The answers come in black and white grains, in full-band swells, in percussive strikes and poetic interludes from Jan Noble; from the addition of Christine Lehlett from Morning Bride on violin and relatively-recent recruit, bass guitarist Budge Magraw too – but, four-stringed Rickenbacker behemoth it might be, still the band who made a virtue of playing something akin to rock and roll without the need for barre chords now have an axe-wielder among them. Except this is not quite what might be expected; Magraw adds a reassuringly solid foundation to the wall of sound, his suit is sharp, and life goes on (and jazz bands, show bands, have bass electric guitars too). The Cesarians have developed; they have changed, again.
Tonight’s show pushes on from the début outing for stringed instrumentation at their outstanding support slot for an otherwise lacklustre Young Gods show in London in the not so distant past in a classic case of blowing the unexpectedly disappointing headlining act offstage. But here, in their element, among friends and family, at the top of the bill and just down the way on the Pentonville Road, The Cesarians give it everything they’ve got – the showmanship, the vitriol, the songs about Tony Blair (not complimentary), their entertainment skills honed on the roads across Europe and back home to a welcoming Blighty, where the lights shine through intermittent smoke machine gouts spewed out in amounts just enough to conjure up the days before smoking at a gig meant huffing on a green-tipped electric Gauloise.
Charlie’s songs are oblique and not easily digested in one slight motion. No, The Cesarians can require effort to take on board; though it’s salutary that this is now a band who have classic songs from their first album , and yet more additions to their canon which they display tonight which will be eagerly-anticipated components of the second. “Running Horse” is as bitter-sweet as ever, and “Woman” in the encore benefits greatly from Beverley Crome‘s operatic vocalisations, ripped out across Charlie’s already impassioned hymnal to not being a man. Truly impressive amongst the new and developing numbers is current single “I’m With God,” a straight-up recognition of the temptations of the demon skag and all its misfortunate side effects and alleged benefits, its omniscient fugs and downsides in the comedown. It’s already become a Cesarians classic and a live favourite, while the similarly-omnipotent “I Am Your God” tells the creation myth of a sleazy, well and truly-fallen Garden of Eden and humanity’s descent into attempting to replace it by constructing Southend, Euston, Ipswich, LA and Rome.
The show also marks the last London show for trombonist Suzi Owen with the band – but it’s also a significant aside that her actual final gig will be in Hamburg, before 55,000 people at a festival. The Cesarians are stepping up a level, but tonight, on their home turf or nearby, they are simply on fire.

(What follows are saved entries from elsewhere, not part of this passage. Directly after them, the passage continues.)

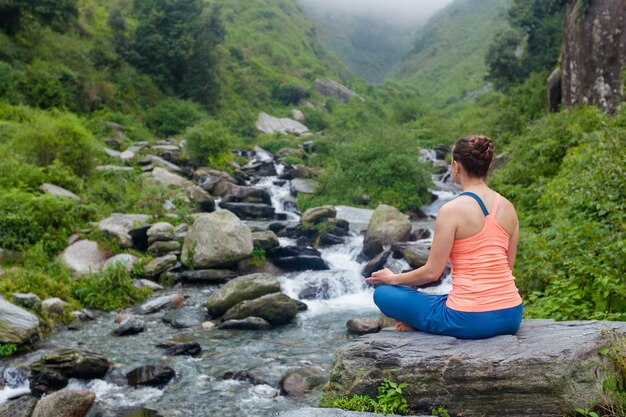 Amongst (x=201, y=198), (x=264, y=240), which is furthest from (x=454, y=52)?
(x=264, y=240)

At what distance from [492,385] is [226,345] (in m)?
7.63

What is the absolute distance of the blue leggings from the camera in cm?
448

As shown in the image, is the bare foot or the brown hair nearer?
the brown hair

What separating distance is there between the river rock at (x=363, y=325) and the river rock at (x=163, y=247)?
6633mm

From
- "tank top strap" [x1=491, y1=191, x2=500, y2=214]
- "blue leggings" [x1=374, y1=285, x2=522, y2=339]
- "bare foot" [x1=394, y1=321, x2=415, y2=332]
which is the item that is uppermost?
"tank top strap" [x1=491, y1=191, x2=500, y2=214]

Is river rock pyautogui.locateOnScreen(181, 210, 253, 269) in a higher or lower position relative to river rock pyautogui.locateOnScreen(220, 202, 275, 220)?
lower

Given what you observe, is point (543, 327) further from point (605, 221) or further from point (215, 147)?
point (215, 147)

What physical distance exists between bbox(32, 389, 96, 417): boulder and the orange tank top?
20.5 feet

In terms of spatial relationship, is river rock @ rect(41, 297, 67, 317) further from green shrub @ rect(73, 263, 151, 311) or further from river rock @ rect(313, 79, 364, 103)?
river rock @ rect(313, 79, 364, 103)

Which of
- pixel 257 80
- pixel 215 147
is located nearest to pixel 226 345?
pixel 215 147

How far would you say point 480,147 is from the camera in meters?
4.34

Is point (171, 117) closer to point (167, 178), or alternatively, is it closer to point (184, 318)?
point (167, 178)

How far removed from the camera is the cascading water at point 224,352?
8453mm

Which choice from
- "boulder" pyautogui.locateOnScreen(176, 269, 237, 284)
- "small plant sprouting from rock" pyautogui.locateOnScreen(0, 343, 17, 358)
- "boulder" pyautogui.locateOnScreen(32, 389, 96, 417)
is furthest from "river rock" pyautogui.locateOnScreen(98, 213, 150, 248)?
"boulder" pyautogui.locateOnScreen(32, 389, 96, 417) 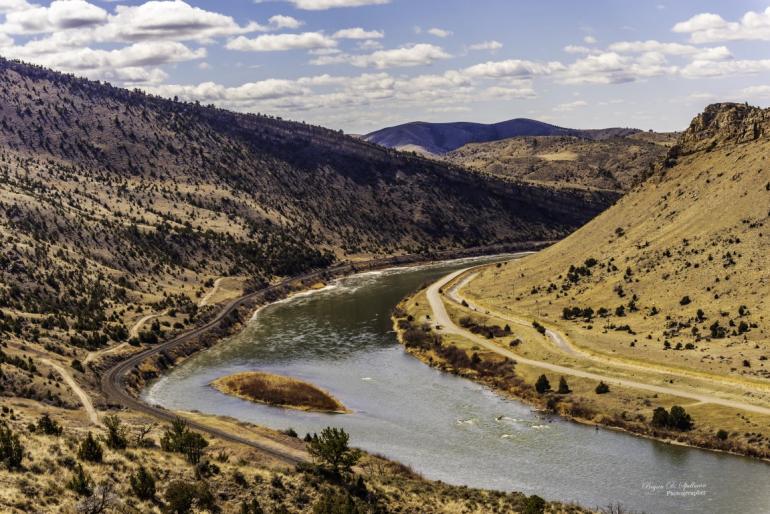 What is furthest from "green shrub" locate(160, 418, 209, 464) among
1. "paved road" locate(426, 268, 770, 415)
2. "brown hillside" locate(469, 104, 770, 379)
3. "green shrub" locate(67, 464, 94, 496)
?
"brown hillside" locate(469, 104, 770, 379)

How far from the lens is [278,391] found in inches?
3356

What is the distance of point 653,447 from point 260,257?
115286 mm

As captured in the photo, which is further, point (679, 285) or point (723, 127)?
point (723, 127)

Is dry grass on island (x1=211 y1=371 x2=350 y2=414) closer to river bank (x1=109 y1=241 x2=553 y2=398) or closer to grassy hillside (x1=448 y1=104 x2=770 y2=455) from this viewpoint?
river bank (x1=109 y1=241 x2=553 y2=398)

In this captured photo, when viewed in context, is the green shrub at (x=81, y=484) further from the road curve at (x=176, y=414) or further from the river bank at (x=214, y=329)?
the river bank at (x=214, y=329)

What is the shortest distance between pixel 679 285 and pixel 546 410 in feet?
124

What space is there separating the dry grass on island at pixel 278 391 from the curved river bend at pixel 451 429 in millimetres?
1622

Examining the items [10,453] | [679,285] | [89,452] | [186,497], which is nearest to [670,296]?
[679,285]

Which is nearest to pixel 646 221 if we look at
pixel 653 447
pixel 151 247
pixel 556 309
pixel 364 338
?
pixel 556 309

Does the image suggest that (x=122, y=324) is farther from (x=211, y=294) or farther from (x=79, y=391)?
(x=79, y=391)

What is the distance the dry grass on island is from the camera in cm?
8106

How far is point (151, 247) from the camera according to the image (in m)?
150

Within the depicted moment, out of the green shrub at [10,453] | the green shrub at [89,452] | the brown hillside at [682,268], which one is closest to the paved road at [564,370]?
the brown hillside at [682,268]

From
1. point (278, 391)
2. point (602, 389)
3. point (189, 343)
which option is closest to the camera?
point (602, 389) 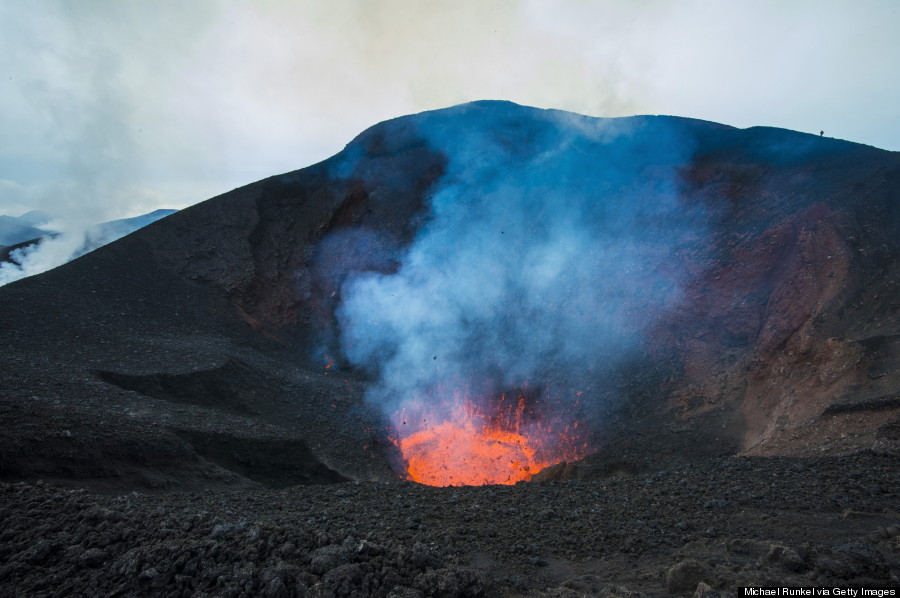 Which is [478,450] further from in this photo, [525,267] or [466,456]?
[525,267]

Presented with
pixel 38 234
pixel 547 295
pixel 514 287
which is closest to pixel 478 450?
pixel 547 295

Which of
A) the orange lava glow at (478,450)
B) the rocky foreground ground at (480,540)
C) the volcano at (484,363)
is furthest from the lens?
the orange lava glow at (478,450)

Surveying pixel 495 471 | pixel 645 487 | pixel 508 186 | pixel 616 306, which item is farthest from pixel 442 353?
pixel 645 487

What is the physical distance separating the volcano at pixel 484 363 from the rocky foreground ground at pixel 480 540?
37 millimetres

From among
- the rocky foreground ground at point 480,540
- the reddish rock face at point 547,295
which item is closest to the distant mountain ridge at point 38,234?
the reddish rock face at point 547,295

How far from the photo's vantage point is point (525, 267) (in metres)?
18.5

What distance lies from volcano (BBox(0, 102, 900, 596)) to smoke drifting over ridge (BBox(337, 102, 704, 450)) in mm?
106

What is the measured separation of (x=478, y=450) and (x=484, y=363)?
3100 millimetres

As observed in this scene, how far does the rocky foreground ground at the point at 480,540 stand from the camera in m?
3.46

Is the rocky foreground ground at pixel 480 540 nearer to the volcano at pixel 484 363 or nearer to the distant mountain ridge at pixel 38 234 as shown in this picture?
the volcano at pixel 484 363

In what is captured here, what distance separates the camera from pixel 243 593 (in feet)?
10.8

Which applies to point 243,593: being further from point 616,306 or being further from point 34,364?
point 616,306

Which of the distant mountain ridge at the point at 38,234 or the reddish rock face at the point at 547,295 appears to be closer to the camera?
the reddish rock face at the point at 547,295

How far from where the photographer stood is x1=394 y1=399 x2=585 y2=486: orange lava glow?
42.4 feet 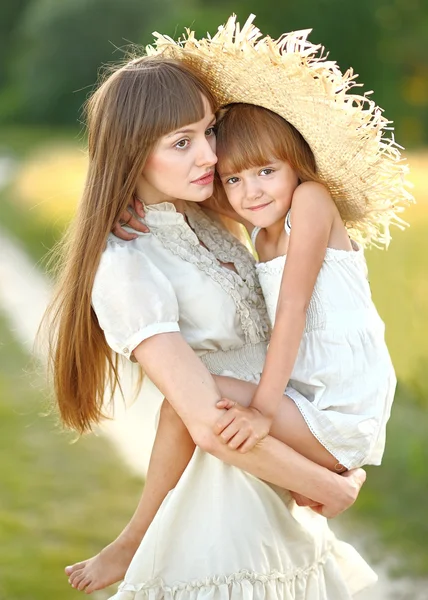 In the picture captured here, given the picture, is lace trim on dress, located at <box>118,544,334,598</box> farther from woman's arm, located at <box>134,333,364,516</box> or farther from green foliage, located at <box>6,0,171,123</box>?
green foliage, located at <box>6,0,171,123</box>

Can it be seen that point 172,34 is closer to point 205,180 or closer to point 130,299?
point 205,180

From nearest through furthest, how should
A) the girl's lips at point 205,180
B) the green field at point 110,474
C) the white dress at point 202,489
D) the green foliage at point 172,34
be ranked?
the white dress at point 202,489, the girl's lips at point 205,180, the green field at point 110,474, the green foliage at point 172,34

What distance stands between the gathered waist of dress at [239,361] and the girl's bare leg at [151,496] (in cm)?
17

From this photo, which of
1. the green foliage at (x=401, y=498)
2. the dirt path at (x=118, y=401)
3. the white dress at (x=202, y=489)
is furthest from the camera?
the green foliage at (x=401, y=498)

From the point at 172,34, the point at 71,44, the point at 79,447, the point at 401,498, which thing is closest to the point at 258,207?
the point at 401,498

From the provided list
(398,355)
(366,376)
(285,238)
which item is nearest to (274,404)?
(366,376)

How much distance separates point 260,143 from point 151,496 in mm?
970

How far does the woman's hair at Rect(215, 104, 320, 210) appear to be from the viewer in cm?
281

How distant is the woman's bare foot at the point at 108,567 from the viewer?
286cm

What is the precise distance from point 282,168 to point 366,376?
59 cm

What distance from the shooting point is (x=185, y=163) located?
8.97 ft

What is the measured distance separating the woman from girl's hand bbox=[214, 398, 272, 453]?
1.3 inches

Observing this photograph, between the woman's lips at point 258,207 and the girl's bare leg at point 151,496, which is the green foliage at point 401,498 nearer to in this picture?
the girl's bare leg at point 151,496

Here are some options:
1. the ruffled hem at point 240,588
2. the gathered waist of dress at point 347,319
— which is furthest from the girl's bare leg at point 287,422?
the ruffled hem at point 240,588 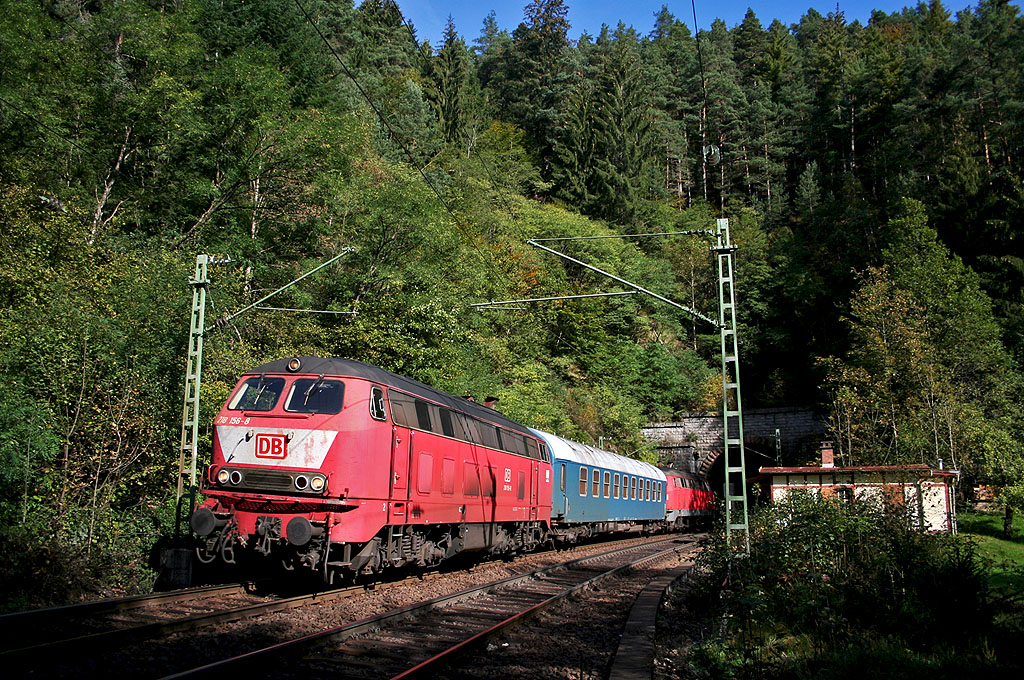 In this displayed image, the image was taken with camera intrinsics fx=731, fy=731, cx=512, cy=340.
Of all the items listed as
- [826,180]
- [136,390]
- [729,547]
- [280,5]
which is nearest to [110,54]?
[280,5]

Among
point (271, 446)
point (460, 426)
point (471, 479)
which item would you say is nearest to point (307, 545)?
point (271, 446)

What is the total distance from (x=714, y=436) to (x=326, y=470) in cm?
4296

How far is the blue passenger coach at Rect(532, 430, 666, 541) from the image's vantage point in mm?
21812

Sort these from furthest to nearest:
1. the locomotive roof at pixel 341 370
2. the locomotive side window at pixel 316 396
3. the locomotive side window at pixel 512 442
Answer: the locomotive side window at pixel 512 442 → the locomotive roof at pixel 341 370 → the locomotive side window at pixel 316 396

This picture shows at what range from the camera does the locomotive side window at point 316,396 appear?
427 inches

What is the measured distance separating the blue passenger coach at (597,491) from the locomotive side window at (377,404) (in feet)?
33.6

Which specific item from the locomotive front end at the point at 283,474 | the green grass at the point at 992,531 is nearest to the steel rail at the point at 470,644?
the locomotive front end at the point at 283,474

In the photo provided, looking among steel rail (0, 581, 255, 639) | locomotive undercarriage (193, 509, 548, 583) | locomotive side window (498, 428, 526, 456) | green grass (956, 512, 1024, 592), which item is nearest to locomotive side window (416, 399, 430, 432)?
locomotive undercarriage (193, 509, 548, 583)

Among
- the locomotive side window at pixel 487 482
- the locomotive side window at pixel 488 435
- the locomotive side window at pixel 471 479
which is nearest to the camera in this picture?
the locomotive side window at pixel 471 479

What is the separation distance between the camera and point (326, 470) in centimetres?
1036

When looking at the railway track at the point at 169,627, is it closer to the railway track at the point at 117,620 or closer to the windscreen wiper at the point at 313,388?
the railway track at the point at 117,620

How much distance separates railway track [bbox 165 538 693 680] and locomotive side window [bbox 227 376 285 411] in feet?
12.0

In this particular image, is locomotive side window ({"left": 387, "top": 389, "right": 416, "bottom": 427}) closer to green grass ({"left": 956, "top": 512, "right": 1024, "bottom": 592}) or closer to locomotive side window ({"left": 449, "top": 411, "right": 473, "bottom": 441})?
locomotive side window ({"left": 449, "top": 411, "right": 473, "bottom": 441})

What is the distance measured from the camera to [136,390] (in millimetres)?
14523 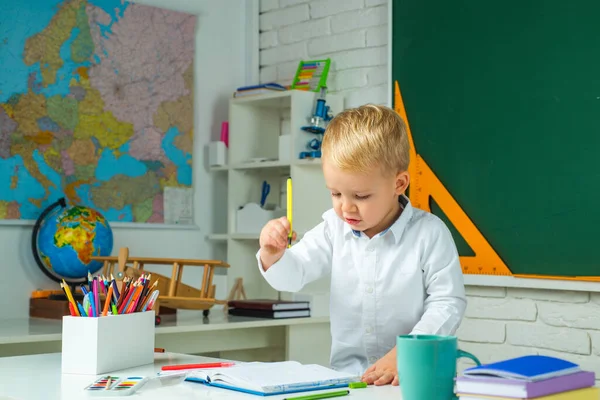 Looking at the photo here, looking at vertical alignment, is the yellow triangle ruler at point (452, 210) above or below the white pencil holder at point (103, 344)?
above

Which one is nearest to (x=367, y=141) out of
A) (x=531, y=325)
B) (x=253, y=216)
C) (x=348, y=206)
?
(x=348, y=206)

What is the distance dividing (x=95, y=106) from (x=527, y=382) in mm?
2589

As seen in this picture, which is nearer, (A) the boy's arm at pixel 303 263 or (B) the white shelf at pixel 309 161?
(A) the boy's arm at pixel 303 263

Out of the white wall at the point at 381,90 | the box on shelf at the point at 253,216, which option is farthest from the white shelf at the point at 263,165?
the white wall at the point at 381,90

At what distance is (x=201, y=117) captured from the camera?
364 centimetres

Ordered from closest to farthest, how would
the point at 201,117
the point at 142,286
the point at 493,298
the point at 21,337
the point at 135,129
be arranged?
1. the point at 142,286
2. the point at 21,337
3. the point at 493,298
4. the point at 135,129
5. the point at 201,117

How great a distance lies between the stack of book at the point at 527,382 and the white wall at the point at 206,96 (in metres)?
2.43

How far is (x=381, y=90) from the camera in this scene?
3.24 m

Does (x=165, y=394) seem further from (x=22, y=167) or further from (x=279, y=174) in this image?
(x=279, y=174)

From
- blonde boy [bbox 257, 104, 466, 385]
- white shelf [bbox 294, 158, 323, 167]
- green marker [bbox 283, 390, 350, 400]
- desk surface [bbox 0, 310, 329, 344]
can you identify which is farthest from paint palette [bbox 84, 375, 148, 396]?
white shelf [bbox 294, 158, 323, 167]

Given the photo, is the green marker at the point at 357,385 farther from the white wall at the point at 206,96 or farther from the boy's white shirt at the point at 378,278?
the white wall at the point at 206,96

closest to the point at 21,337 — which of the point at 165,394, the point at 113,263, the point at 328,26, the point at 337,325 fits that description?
the point at 113,263

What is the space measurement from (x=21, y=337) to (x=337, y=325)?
106 centimetres

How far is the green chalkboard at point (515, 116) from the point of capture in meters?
2.57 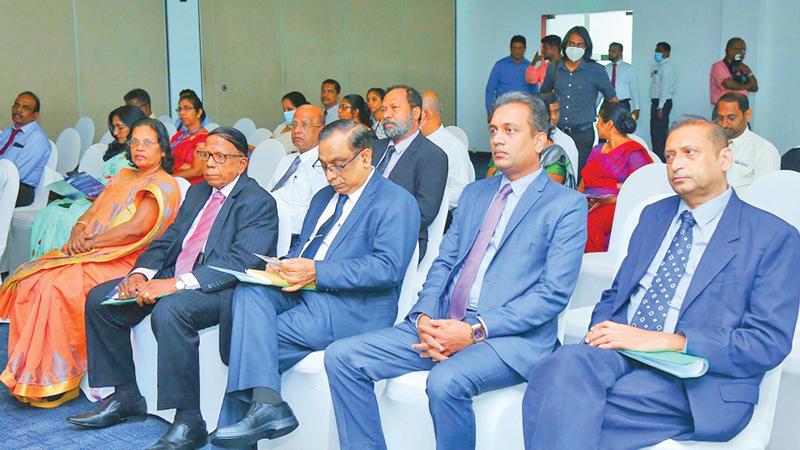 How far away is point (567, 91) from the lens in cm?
674

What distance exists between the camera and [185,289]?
3.45 m

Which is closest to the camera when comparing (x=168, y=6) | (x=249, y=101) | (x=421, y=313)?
(x=421, y=313)

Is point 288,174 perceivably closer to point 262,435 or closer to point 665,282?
point 262,435

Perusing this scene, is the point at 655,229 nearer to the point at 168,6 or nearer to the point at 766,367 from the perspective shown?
the point at 766,367

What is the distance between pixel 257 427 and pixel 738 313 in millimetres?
1541

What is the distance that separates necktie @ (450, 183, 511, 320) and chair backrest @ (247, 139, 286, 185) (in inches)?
114

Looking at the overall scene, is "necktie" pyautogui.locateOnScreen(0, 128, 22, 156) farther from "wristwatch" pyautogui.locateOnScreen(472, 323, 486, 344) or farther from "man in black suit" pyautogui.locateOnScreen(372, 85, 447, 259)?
"wristwatch" pyautogui.locateOnScreen(472, 323, 486, 344)

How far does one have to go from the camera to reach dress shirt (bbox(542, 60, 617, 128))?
264 inches

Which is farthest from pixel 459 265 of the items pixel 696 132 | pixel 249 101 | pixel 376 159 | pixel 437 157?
pixel 249 101

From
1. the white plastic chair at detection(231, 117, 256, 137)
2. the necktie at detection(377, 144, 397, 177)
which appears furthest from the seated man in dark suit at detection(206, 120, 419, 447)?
the white plastic chair at detection(231, 117, 256, 137)

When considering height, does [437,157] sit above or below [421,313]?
above

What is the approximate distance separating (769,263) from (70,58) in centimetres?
859

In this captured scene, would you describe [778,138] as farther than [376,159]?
Yes

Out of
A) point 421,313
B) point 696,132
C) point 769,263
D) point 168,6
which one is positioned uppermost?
point 168,6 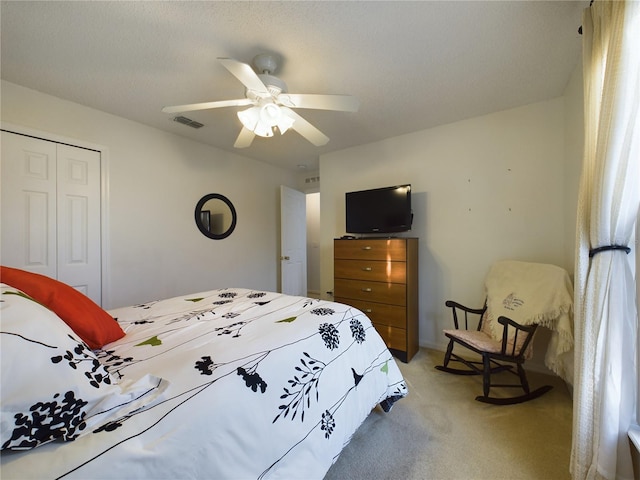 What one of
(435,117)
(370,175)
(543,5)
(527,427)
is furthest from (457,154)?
(527,427)

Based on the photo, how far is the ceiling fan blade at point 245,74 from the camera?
1.31 m

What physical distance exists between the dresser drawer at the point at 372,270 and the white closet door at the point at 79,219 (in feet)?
7.95

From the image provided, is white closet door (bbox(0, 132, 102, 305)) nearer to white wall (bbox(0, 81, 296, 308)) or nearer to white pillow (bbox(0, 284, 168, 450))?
white wall (bbox(0, 81, 296, 308))

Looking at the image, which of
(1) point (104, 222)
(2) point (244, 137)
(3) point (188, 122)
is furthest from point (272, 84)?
(1) point (104, 222)

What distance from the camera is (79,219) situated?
2.34 metres

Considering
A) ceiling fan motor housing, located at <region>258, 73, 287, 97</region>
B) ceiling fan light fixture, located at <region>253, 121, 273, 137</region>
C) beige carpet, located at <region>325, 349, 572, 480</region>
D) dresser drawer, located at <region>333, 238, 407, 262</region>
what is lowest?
beige carpet, located at <region>325, 349, 572, 480</region>

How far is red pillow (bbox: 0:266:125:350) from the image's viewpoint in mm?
1090

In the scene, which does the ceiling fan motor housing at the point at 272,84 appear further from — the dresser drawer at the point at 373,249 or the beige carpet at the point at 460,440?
the beige carpet at the point at 460,440

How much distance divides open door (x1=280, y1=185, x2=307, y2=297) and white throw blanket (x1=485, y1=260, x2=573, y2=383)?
2.75 m

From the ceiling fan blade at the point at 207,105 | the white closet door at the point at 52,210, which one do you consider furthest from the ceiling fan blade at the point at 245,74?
the white closet door at the point at 52,210

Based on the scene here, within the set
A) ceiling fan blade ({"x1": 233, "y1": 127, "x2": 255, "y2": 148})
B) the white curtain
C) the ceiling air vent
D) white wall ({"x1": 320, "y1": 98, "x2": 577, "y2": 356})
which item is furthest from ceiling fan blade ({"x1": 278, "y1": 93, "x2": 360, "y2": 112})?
white wall ({"x1": 320, "y1": 98, "x2": 577, "y2": 356})

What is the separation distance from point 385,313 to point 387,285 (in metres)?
0.29

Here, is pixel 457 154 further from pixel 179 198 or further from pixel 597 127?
pixel 179 198

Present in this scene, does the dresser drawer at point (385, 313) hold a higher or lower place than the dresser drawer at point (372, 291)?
lower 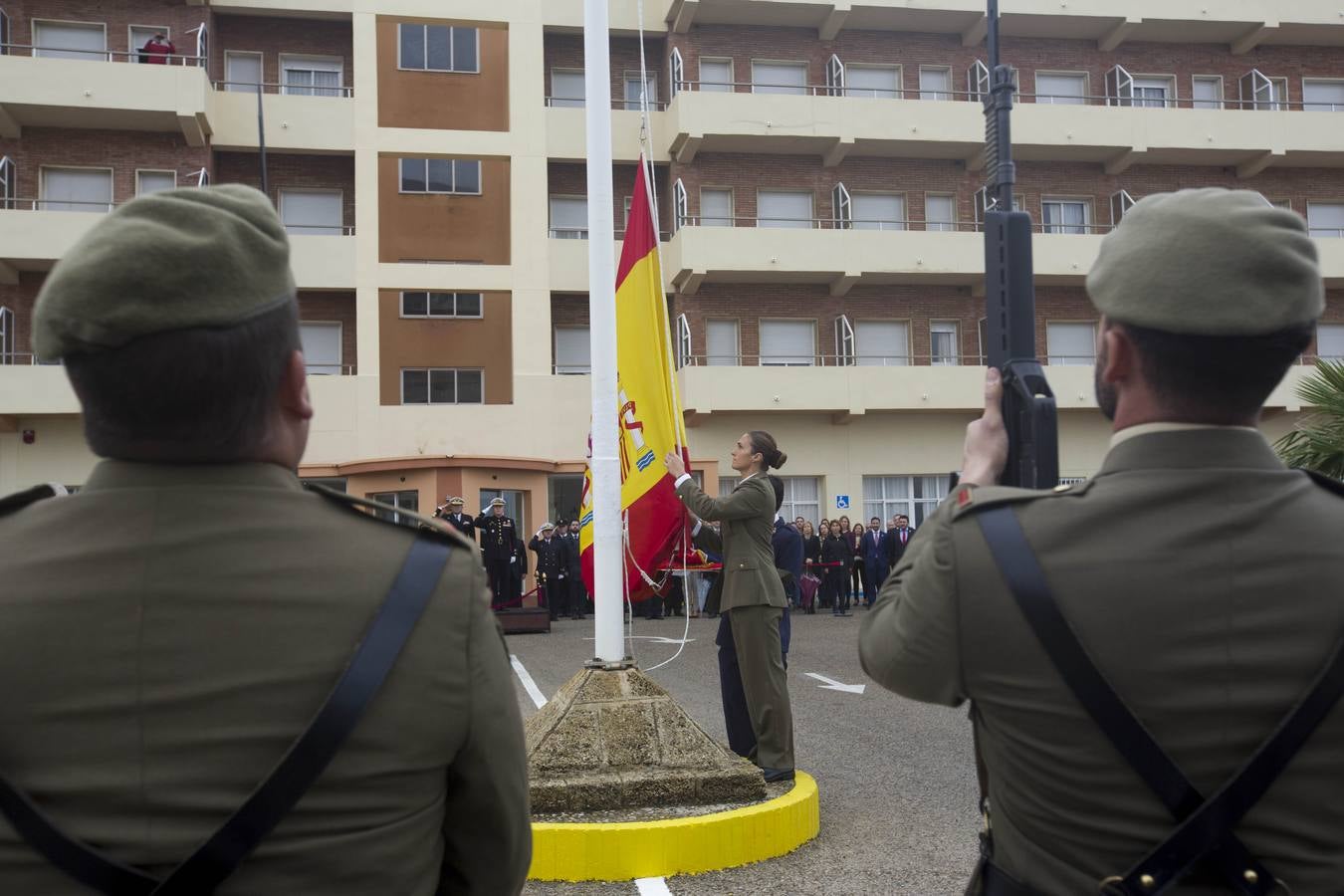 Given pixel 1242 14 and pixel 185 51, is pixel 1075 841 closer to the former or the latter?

The essence of urbanity and cross-pollination are distilled within them, whether or not the comparisons which rage around them, their music and the interesting times afoot to the conditions and sounds of an imaginary rock’n'roll pre-war Berlin are justified, or desirable, or not.
Who would have missed this for the world, who knew that it was here, tonight, before and among these remarkable people?